The triumphant return of the sponge-picking robot. Image credit: Haje Kamps (opens in a new window) / TechCrunch

Affordances, the ability to do something, are not an either/or. Balancing three golf balls on top of each other is very difficult, but not impossible. Opening a drawer is almost impossible for a robot that is not shown how the drawer works. work. As suggested by Google, an untrained robot may not be able to grab a bag of potato chips from a drawer. But a few instructions and a few days of practice can greatly increase your chances of success.

Of course, all this training data is scored as the robot tries. Sometimes robots “solve” tasks in surprising ways, but in reality it may be “easier” for them to do so.

By decoupling the language model from affordances, robots can “understand” commands in different languages.

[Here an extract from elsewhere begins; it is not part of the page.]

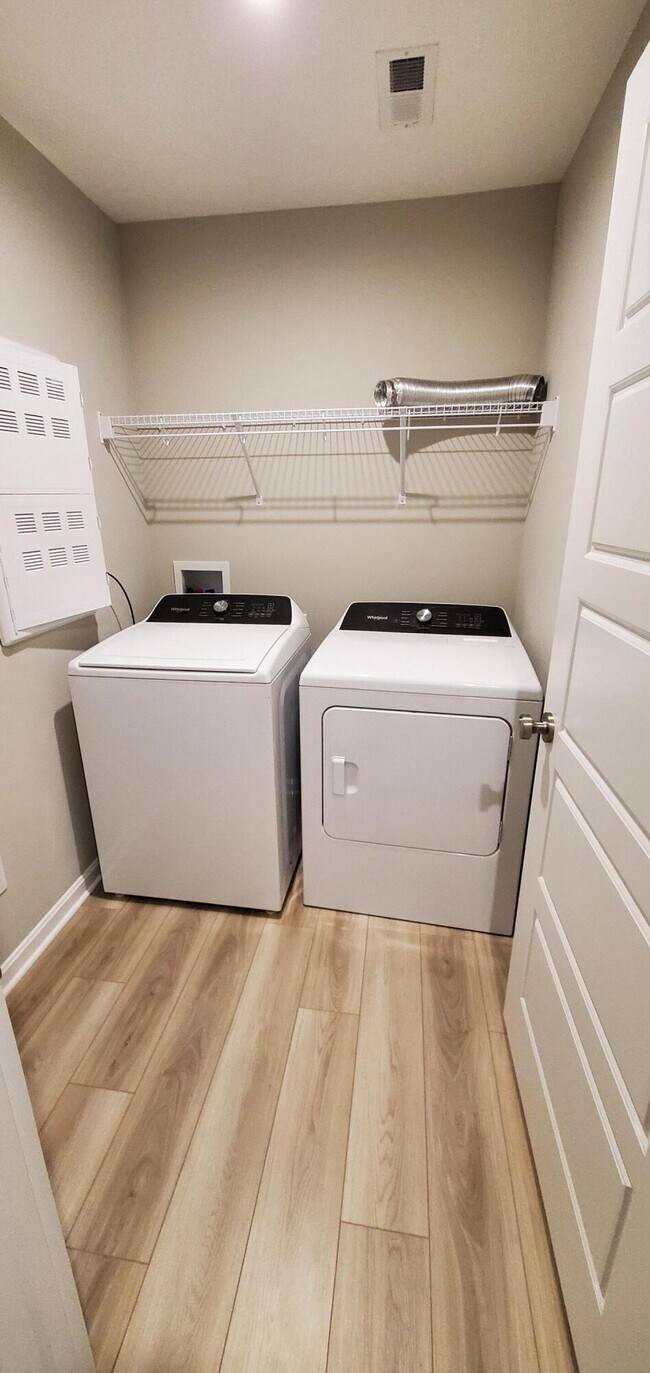 Building Photo - 686 Daphne Wy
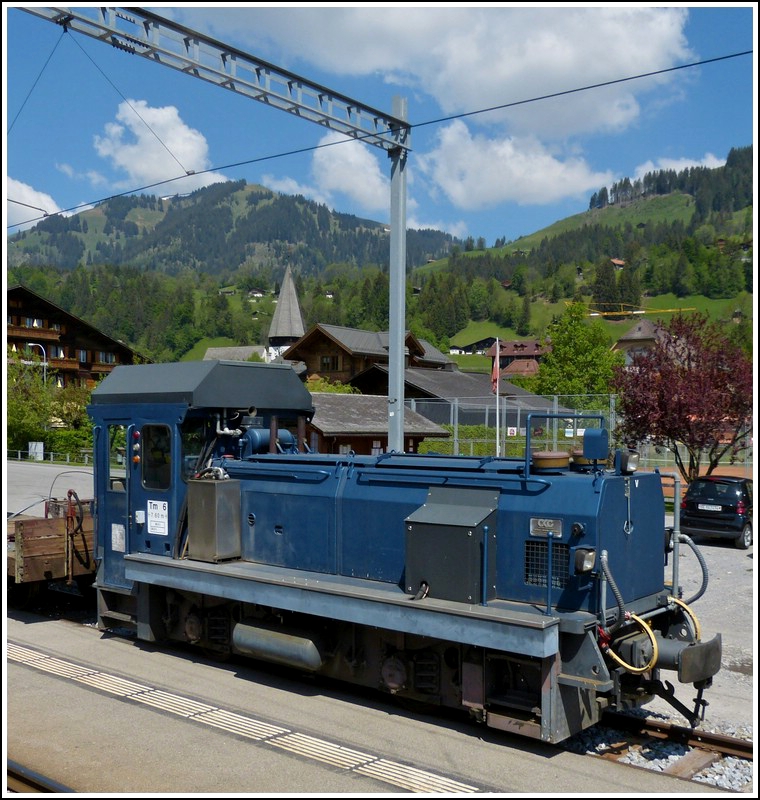 Die MOB Tm 2/2 N 6 stand am 25.05.2012 in Saanen und konnte aus dem Zug fotografiert werden. Es handelt sich hierbei um eine Tmf 2/2 (P-23968) von Kaeble Gmeinder, sie hat ein Gewicht von 29 t und eine Hchstgeschwindigkeit von 30 km/h. (Hans)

The team has also demonstrated it in the kitchen. Head of robotics, he is when Vincent Vanhoucke asks the robot for a can of Coke in French. “We learned language skills for free,” the team said, and the neural networks used to train robots were enough to open new doors (both literally and figuratively) in accessibility and universal access. I emphasized that I have a lot of flexibility.

Most robots that touch, open, move, or clean things don’t typically operate this close to humans. Although we were advised to keep our distance, the researchers seemed very familiar with robots operating autonomously within inches of an unarmed human body.Image credit: Haje Kamps (opens in a new window) / TechCrunch

Robots and technology are neither currently available nor intended for use in commercial products.

“It’s all research right now. As you can see from our current skill level, we’re not quite ready to deploy it in a commercial environment yet. We’re a research outfit and love working on things that don’t work,” Vanhoucke says. says. “That’s kind of the definition of research, and we keep pushing. We like to work on things that don’t have to scale. It’s a way of letting us know how we scale, so we can see trends for where things are going in the future.”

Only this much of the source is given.